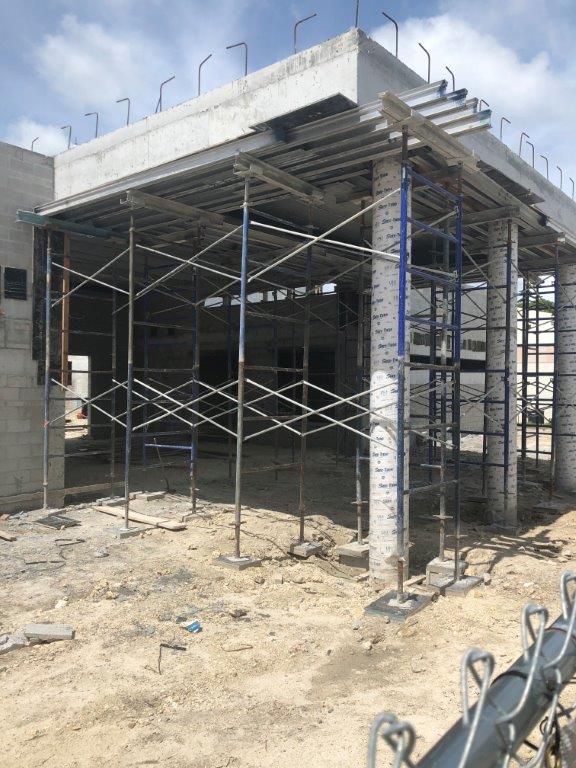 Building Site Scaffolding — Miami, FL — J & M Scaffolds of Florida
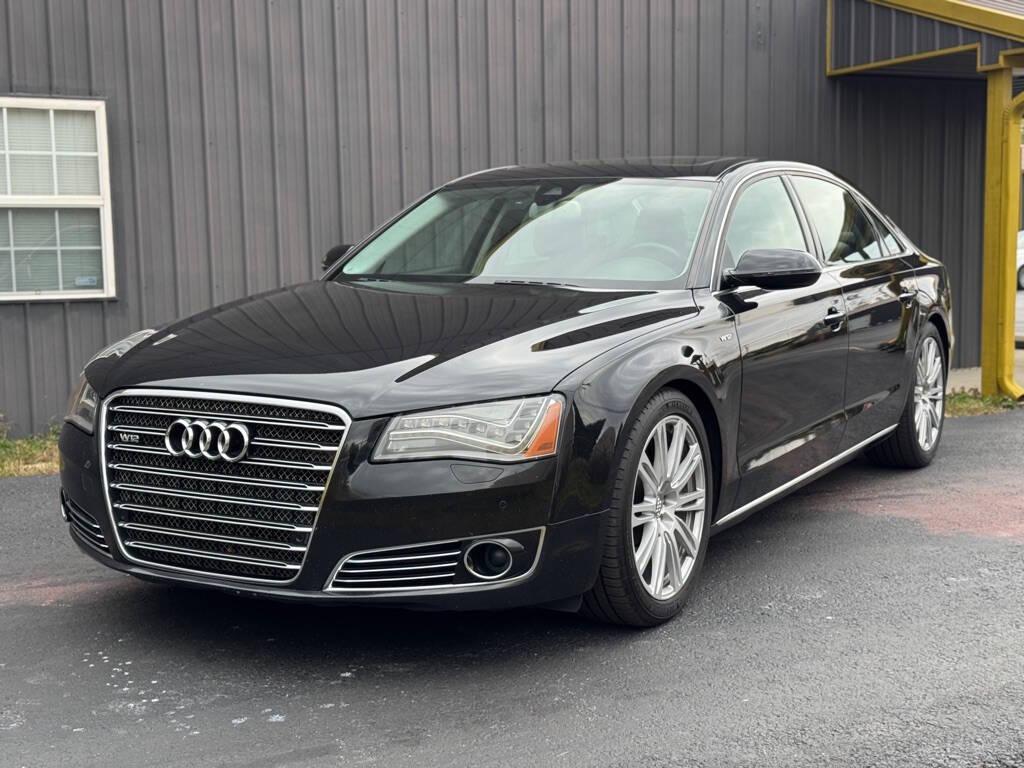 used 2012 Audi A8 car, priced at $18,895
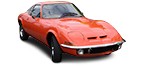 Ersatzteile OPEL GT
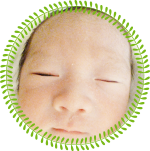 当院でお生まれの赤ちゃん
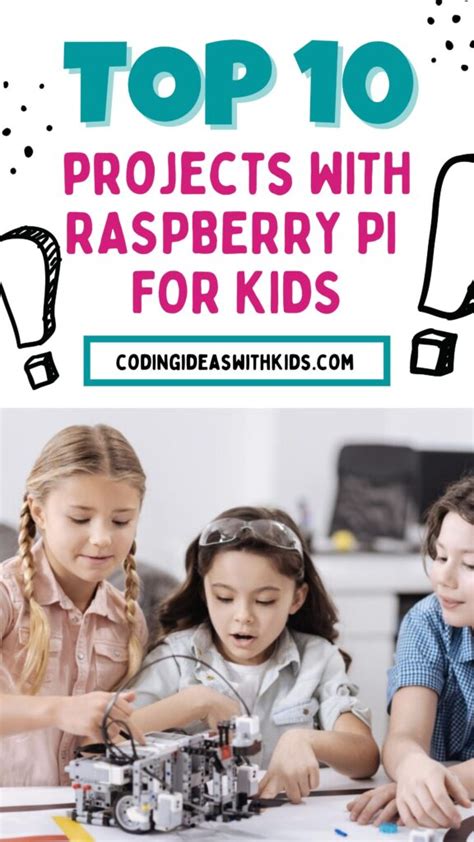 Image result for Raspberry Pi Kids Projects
┄┄┄┄┄┄┄┄┄┄
WORK TO COMPLETE:
From the line that holds "used 2012 Audi A8 car, priced at $18,895" to the last line of the records, please copy each line exactly and nothing else. Pictures stay out.

SOLVED EXERCISE:
 used 2012 Audi A8 car, priced at $18,895
 Ersatzteile OPEL GT
 当院でお生まれの赤ちゃん
 Image result for Raspberry Pi Kids Projects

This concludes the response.